Человеческий язык замечателен еще в одном отношении, чем он принципиально отличается от коммуникационных систем других животных: он действует одинаково хорошо как в зрительной, так и в слуховой модальности. Если певчая птица потеряет голос, а пчела не сможет двигаться, то их коммуникация на этом закончится. Однако для глухого человека язык жестов представляет собой столь же выразительный способ коммуникации, как и акустический. Наши лингвистические способности и вычислительная работа также взаимодействуют с другими сферами наших знаний, удивительным образом отражая уникальное человеческое умение устанавливать разнообразные связи между разными системами понимания. Рассмотрим способность определять количество объектов или событий, которую мы разделяем с другими животными. Множество видов обладают как минимум двумя способами счета, не связанными с языком. Один из них точен и ограничен числами менее четырех. Другой не лимитирован по объему, но приблизителен и ограничен различением определенных пропорций - животное, способное отличить 1 от 2, может также отличить 2 от 4, 16 от 32 и т. д. Первая система привязана к области мозга, которая отвечает за отслеживание индивидуальных особей, а вторая привязана к областям, вычисляющим размеры.

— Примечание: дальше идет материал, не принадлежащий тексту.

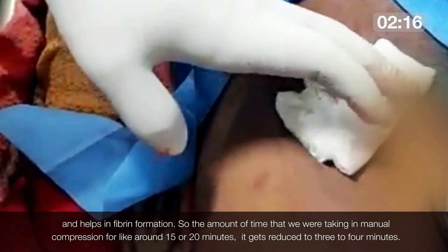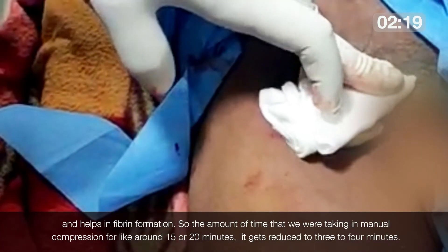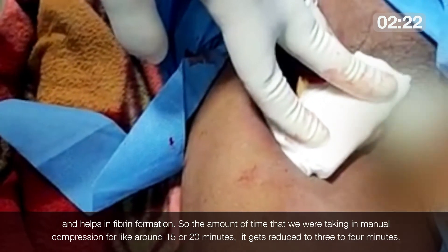The amount of time we were taking for manual compression — around 15 to 20 minutes — gets reduced to just 3 to 4 minutes.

В 2008 г. мы вместе с моими коллегами описали на примере макаков-резусов третью систему счета, которая может помочь нам понять различие между единственным и множественным числом. Она включается в работу в том случае, когда объекты предъявляются одновременно, а не последовательно, и позволяет обезьянам на примере пищевых объектов отличать «один» от «много», но не «много» от «много». В наших экспериментах мы демонстрировали макаку одно яблоко и помещали его в коробку. Затем показывали пять яблок, и клали их во вторую коробку. Если обезьяне предоставляли выбор, она систематически выбирала вторую коробку с пятью яблоками. Затем мы помещали в первую коробку два яблока, а во вторую - по-прежнему пять. На этот раз животные не выказывали устойчивого предпочтения. Мы, люди, поступаем примерно так же, говоря «одно яблоко», но «два, пять или сто яблок».

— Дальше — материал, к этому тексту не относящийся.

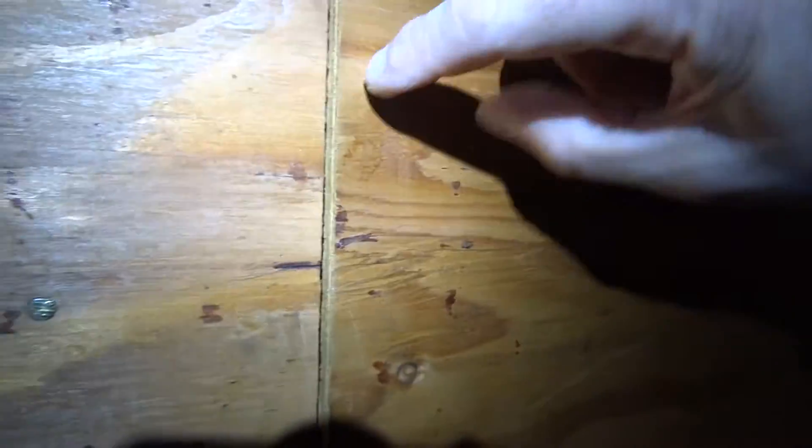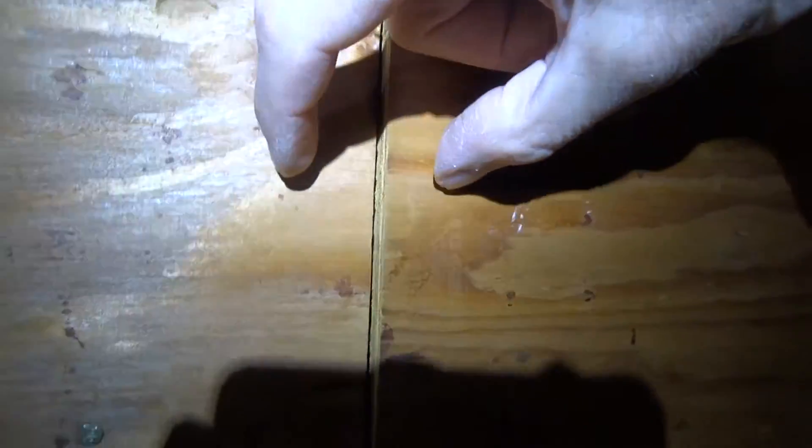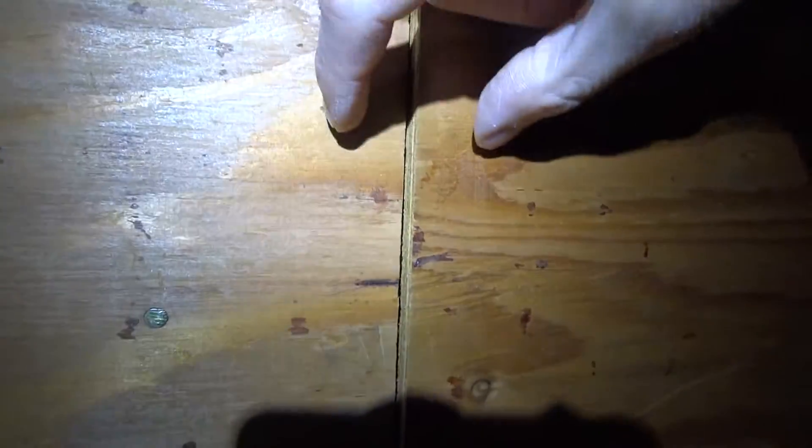Here's a gap in the plywood with no backing, so that's loose. You can move it in and out a little bit — there's no stud behind this plywood joint, so it has no way to transfer shear and that needs to be repaired somehow.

Однако происходит нечто странное, когда речевая система человека сталкивается с более древней концептуальной системой. Для того чтобы увидеть, как это происходит, попробуйте выполнить следующее упражнение: к числам 0, 0,2 и -5 добавьте по своему усмотрению «яблоко» или «яблок» («яблока»). Наверняка вы выберете формы множественного числа. Более того, даже к числу 1,0 вы также присоедините это слово во множественном числе. Если вы удивлены, то все в порядке, так и должно быть. Таких правил мы не учили в школе; строго говоря, это грамматически неверно. Но это часть той универсальной грамматики, с которой мы рождаемся. Правило простое, но абстрактное: все, что не единично, требует множественного числа.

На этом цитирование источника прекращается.